● **DATASET ENTRIES**
----

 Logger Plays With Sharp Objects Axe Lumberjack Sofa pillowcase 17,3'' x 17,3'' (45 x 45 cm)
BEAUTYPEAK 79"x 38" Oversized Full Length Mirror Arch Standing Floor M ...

----

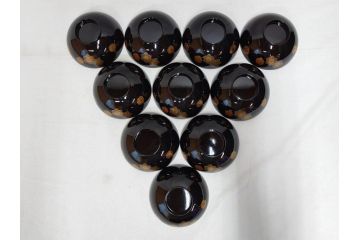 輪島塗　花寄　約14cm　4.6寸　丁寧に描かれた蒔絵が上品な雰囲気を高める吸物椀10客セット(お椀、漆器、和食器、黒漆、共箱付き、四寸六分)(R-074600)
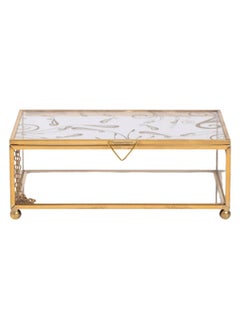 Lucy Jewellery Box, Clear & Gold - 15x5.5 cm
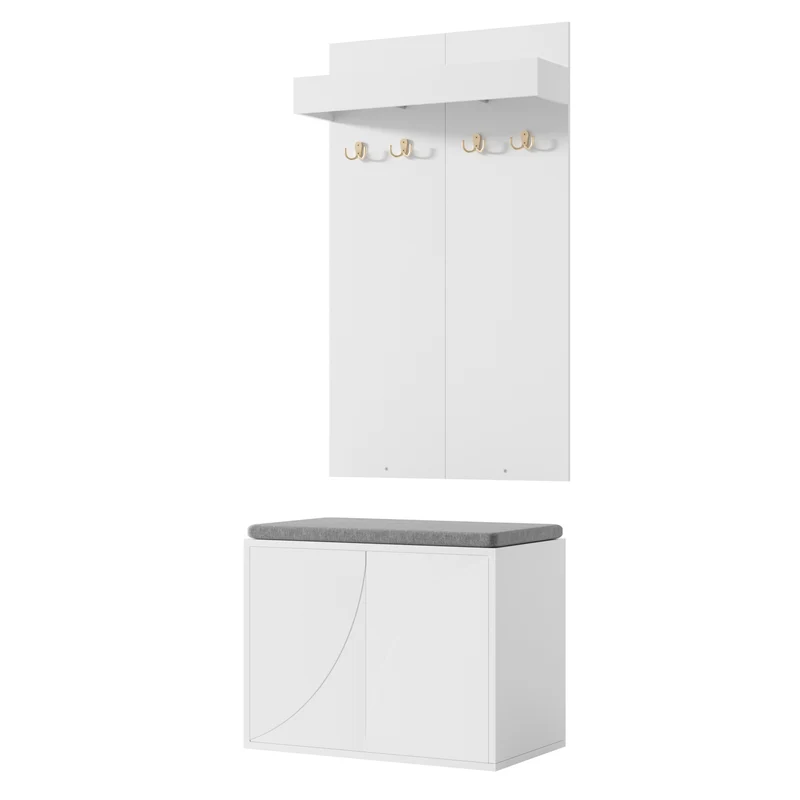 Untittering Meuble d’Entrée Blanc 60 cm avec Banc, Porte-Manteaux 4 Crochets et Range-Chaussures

----

● **ASSIGNED TASK**
Reproduce exactly the lines above starting at the line containing "Lucy Jewellery Box, Clear & Gold - 15x5.5 cm" and ending at the line containing "Untittering Meuble d’Entrée", including both, but not the pictures.

● **TASK RESULT**
 Lucy Jewellery Box, Clear & Gold - 15x5.5 cm
 Untittering Meuble d’Entrée Blanc 60 cm avec Banc, Porte-Manteaux 4 Crochets et Range-Chaussures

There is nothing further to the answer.